Porter had attended a couple times and took over organizing it.
There was a team from England at the tournament, but the Williams Lake team did not get to play them, much to Barbondy-Rich’s disappointment.
“I was really hoping we would play them in the semi-finals.”
A few Williams Lake players who had signed up to go had to drop out, but Barbondy-Rich got some players in Hawaii to fill the spots after she put out a message saying players were needed.
The team flew from Vancouver, rented condos and stayed right in Waikiki.
They were about a 10-minute walk from the fields, which were open grass with no fences, very different than the ones the Rowdies play on at home.
“It’s definitely a challenge,” she said.
“There is nothing stopping the ball when it goes foul. It was not how we are used to playing ball.”
While in Hawaii it was humid, windy and hot with highs of 30C in the day and only going down to 28C during at night.
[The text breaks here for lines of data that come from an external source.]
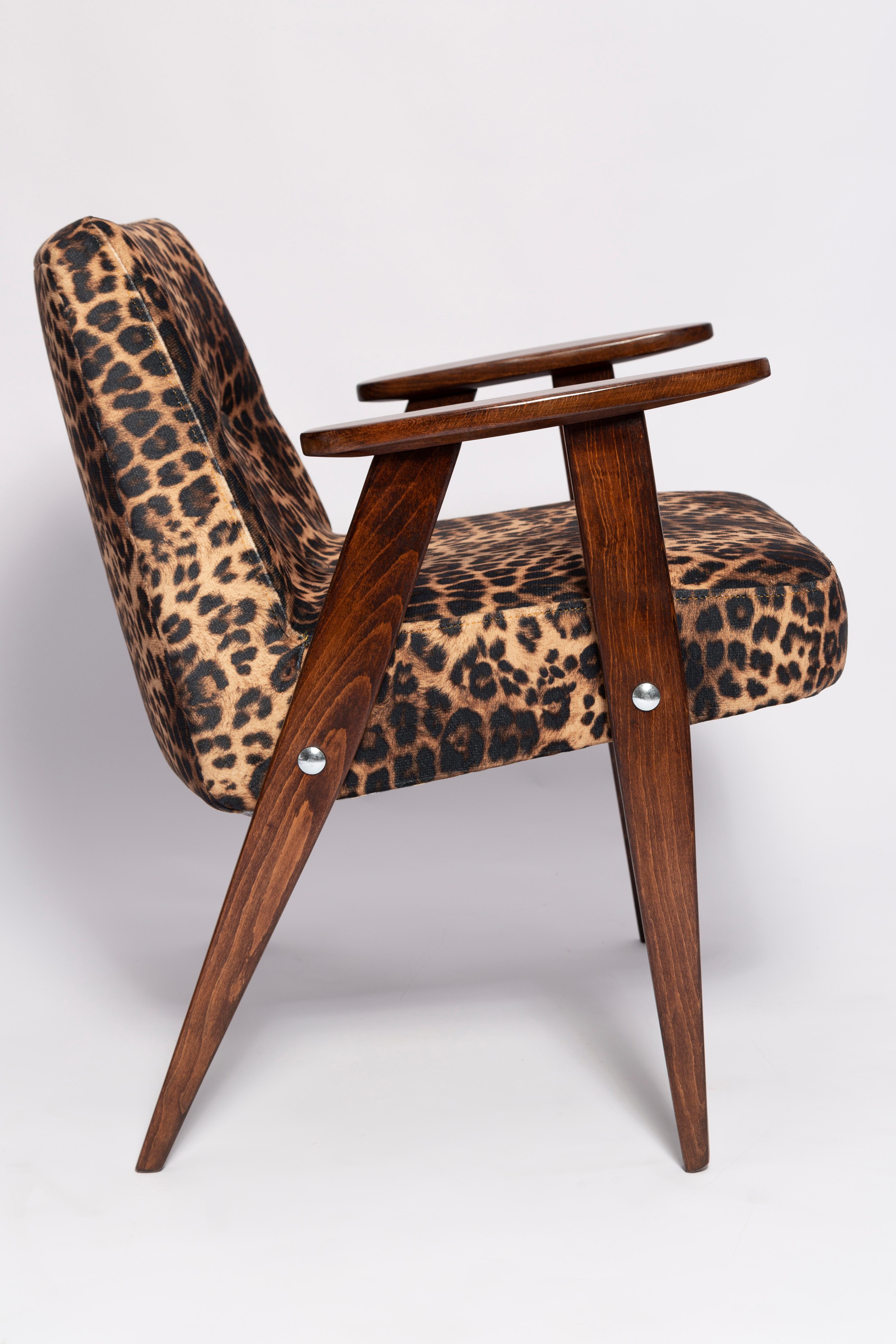 Textile Two Midcentury 366 Armchairs in Leopard Print Velvet, Jozef Chierowski, 1960s For Sale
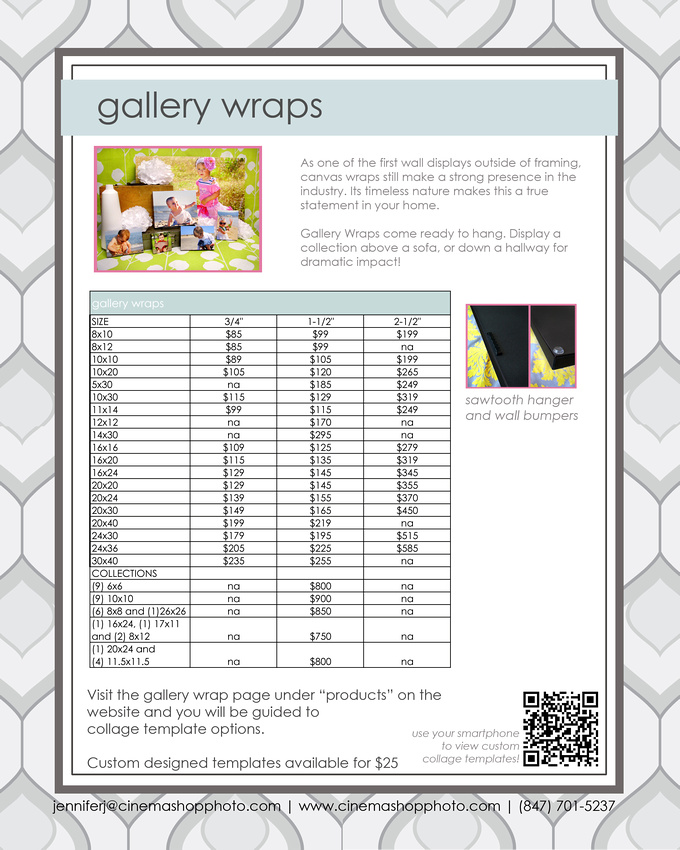 gallery wrap price guide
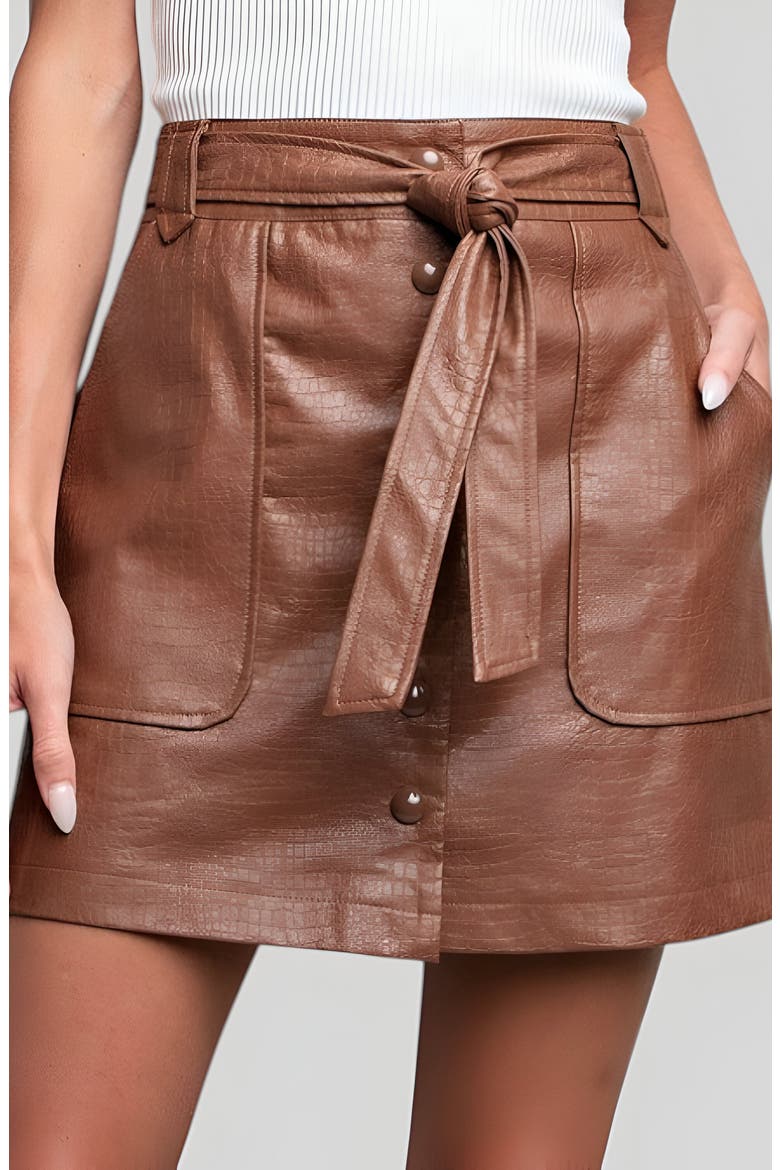 Faux Leather Button-Front Mini Skirt with Belt, Alternate, color, Brown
“We could see the ocean and the Diamond Head volcano from where we were playing,” she said.
In the past the team has travelled to tournaments in Mexico, Cuba, Jamaica and Dominican, but had not gone out of the country to play since 2013.
To get there, the players paid their own way and the sponsors helped with new shirts and hats.
Barbondy-Rich hopes the team can go somewhere again in two years, but is not sure just where.
In the meantime she is already thinking about the next season back home in Williams Lake.
“Before we went to Hawaii we did some work up at the fields. We put top soil on field number one, did some fencing and more stump grinding.”